Als der Junge in die Bochumer Klinik eingeliefert wurde, war sein Zustand kritisch. "Mehr als 60 Prozent seiner Haut waren betroffen", berichtet Lehnhardt. Die Ärzte waren bereits kurz davor, palliative Maßnahmen einzuleiten – also nur noch das Leid ihres kleinen Patienten mit Medikamenten zu lindern. Sie dachten, er müsse sterben. Dann aber schafften es die Experten gemeinsam mit Ärzten aus Modena (Italien), aus einer Hautprobe ihres Patienten Hautstammzellen zu isolieren.

Die italienischen Wissenschaftler reparierten den Gendefekt in den Hautstammzellen mithilfe eines Virus, der sich in das Erbgut einbaut. Dabei wird der krankhafte Genabschnitt durch den intakten ersetzt. "Als wir sahen, dass das funktioniert, haben wir aus den reparierten Zellen neue Haut gezüchtet", erklärt Lehnhardt. Die Fachleute in Bochum transplantierten dem Jungen das neu entstandene Gewebe. Er wurde wieder gesund. Das Behandlungsergebnis übertraf alle Erwartungen. Lehnhardt: "Die neue Haut war weich und bildete kaum Narben."

Auch die Möglichkeiten der Stammzelltherapie sind begrenzt 

Spektakuläre Meldungen wie diese können jedoch auch den Eindruck vermitteln, Stammzellen seien ein Allheilmittel – noch dazu eines, das kurz vor dem Masseneinsatz steht. Beides stimmt nicht. Die Zahl der Kliniken, die verzweifelten Patienten fragwürdige Stammzell-Therapien anbieten, wächst dennoch weltweit.

Berechtigt sind die Hoffnungen in der Bochumer Uniklinik. Innerhalb der nächsten zwölf Monate möchte man dort Brandopfer nach folgendem Prinzip behandeln können: aus einer Hautprobe Stammzellen isolieren, daraus neue Haut züchten und diese dann transplantieren. "Das wäre ein Riesenschritt", sagt Lehnhardt. Und ein weiterer Etappensieg auf dem Weg zu einer Ära  ganz neuer, individueller Therapiemöglichkeiten.

Stammzell-Therapie: Vorsicht bei unseriösen Angeboten

Der Markt für Missbrauch von ungeprüften Stammzell-Therapien wächst. "Manche Anbieter be­haupten: Kommen Sie zu uns, wir nehmen Blut ab, schütteln zweimal, geben Ihnen die Zellen zurück, und dann hilft das gegen Alzheimer, Diabetes und Rückenleiden", sagt Professor Martin Zenke, Direktor des Instituts für Biomedizinische Technik und Zellbiologie am Uniklinikum Aachen.

Sicherheit und Wirksamkeit solch unseriöser Therapien wurden in den meisten Fällen nicht in Studien überprüft. Auch sind sie nicht offiziell zur ­Anwendung zugelassen. "Das Pro­­blem ist, dass der Bereich der Stammzell-Therapie bisher nicht ausreichend durch Regularien kon­trolliert wird", so Zenke.
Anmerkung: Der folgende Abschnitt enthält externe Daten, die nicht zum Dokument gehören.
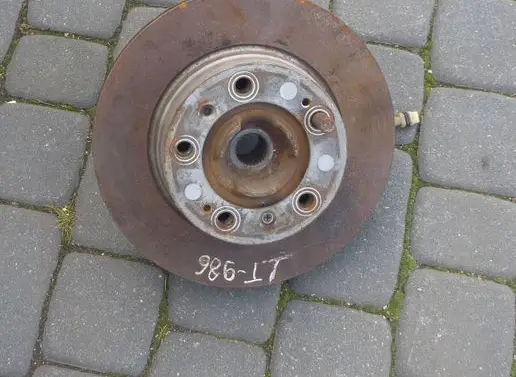 Porsche Boxster 986 Rear wheel hub spindle/knuckle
Im Internet werden auch un­geprüfte Stammzell-Therapien ­­angeboten, die gegen Multiple Sklerose, Diabetes oder Morbus Parkinson helfen sollen. Unseriös sind vor allem Angebote, bei denen Mediziner adulte Stammzellen nicht dort einsetzen wollen, wo sie entnommen wurden. Denn ­­Blutstammzellen etwa können nur Zellen des Blutsystems bilden. 

Informieren Sie sich bei seriösen Institutionen über ein Angebot. Das sind das German Stem Cell Network, das Kompetenznetzwerk Stammzellforschung NRW und die International Society for Stem Cell Research.